Source data:
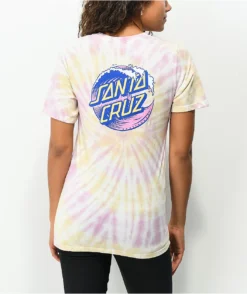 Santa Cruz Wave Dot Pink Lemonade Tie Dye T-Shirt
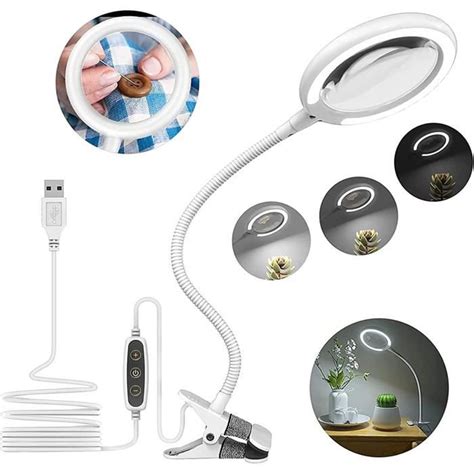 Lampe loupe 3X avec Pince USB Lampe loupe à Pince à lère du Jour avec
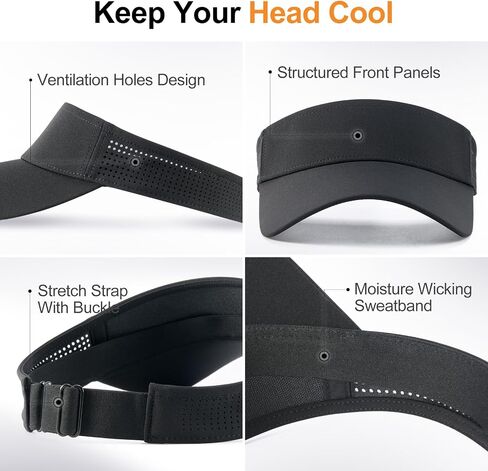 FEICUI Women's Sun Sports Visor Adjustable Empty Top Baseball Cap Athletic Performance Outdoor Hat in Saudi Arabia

Task instructions:
Repeat the listing above word for word and leave its images out.

Answer area:
 Santa Cruz Wave Dot Pink Lemonade Tie Dye T-Shirt
 Lampe loupe 3X avec Pince USB Lampe loupe à Pince à lère du Jour avec
 FEICUI Women's Sun Sports Visor Adjustable Empty Top Baseball Cap Athletic Performance Outdoor Hat in Saudi Arabia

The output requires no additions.